General Motors is increasing several financial targets for 2024 after exceeding Wall Street projections for its second quarter results.
The Detroit-based automaker has raised its expected adjusted earnings for the year to a range of $13 billion to $15 billion, up from the previous estimate of $12.5 billion to $14.5 billion. Additionally, it has adjusted its targets for operating cash flow and earnings per share. However, the expected net income attributable to shareholders has been slightly lowered to between $10 billion and $11.4 billion, a decrease of less than 1%.
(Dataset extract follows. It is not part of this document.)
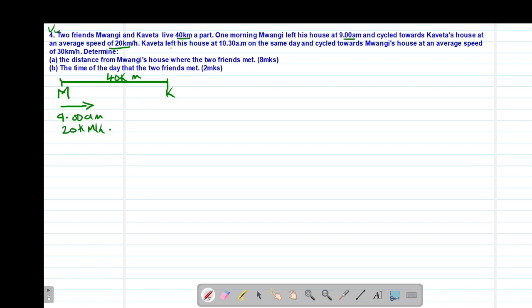Then Kaveta left his house at 10:30 a.m. on the same day and cycled towards Mwangi's house in the opposite direction at an average speed of 30 kilometers per hour.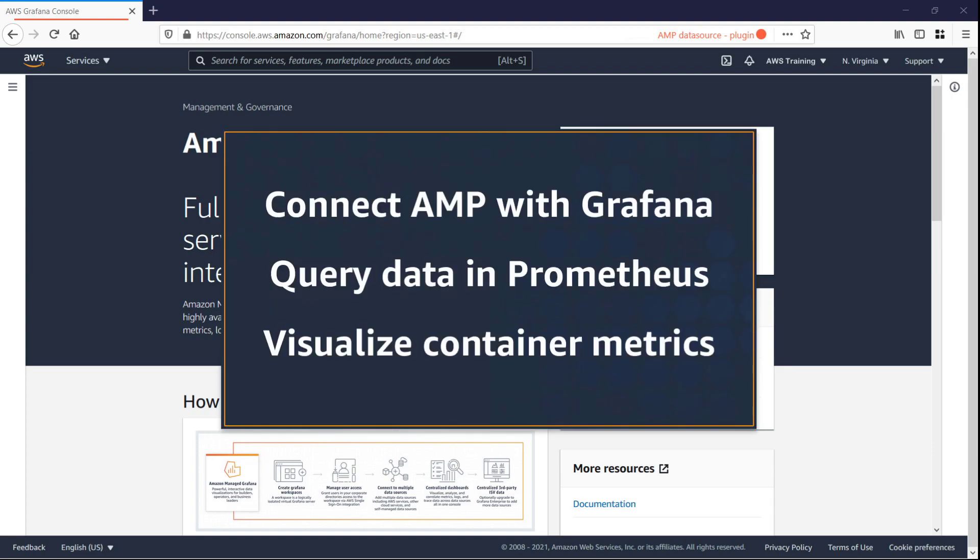In this video, you'll see how you can set up Amazon Managed Service for Prometheus, or AMP, as a data source plugin for Amazon Managed Grafana.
In terms of revenue, GM reported $47.9 billion for the second quarter, marking a more than 7% increase compared to the same period last year, and exceeding Wall Street’s forecast of $45 billion. Earnings per share reached $3.06, surpassing analysts’ expectations of $2.71 and representing a 60% increase from 2023. The net income rose by 14% to $2.9 billion, compared to $2.5 billion in the prior year.
Following these announcements, GM’s stock rose nearly 5% in pre-market trading, with the shares having increased over 37% this year. On Monday, after the market closed, GM declared a cash dividend for the third quarter, contributing to the stock’s uptick.
In a letter to shareholders, CEO Mary Barra highlighted the strong performance of its gas-powered trucks and SUVs, and mentioned that the company is launching eight new or redesigned models across compact, mid-size, and full-size segments in North America. Barra affirmed GM’s commitment to scaling up production of the electric Chevrolet Equinox, emphasizing a disciplined approach to growth in electric vehicle (EV) sales.
Earlier in the month, Barra indicated that GM would not meet its goal of producing 1 million electric vehicles in North America by the end of 2025 due to a market slowdown but noted that EV sales had still increased in the previous quarter.
Additionally, Barra announced that Cruise, GM’s autonomous driving unit, will abandon its Origin vehicle following a setback in operations last October, instead focusing on the next-generation Chevrolet Bolt for testing in Texas and Arizona. GM incurred a $600 million charge related to the suspension of Origin production in Detroit.
During an analyst call, Barra indicated that utilizing the Bolt could help address regulatory concerns regarding the Origin’s unconventional design, which lacks a steering wheel. This pivot is expected to reduce costs and enable GM to allocate resources more effectively.
“Our vision for revolutionizing mobility through autonomous technology remains firm, and each mile traveled, along with each simulation, brings us closer, as Cruise is an AI-first company,” Barra stated.
In addition to these developments, GM is working to restructure its joint venture with SAIC Motor in China, which has been experiencing losses; the company reported a $104 million loss for the second quarter. In June, SAIC-GM significantly reduced production by 70%, leading to the delivery of only 26,000 vehicles, which is a 50% drop compared to the previous year.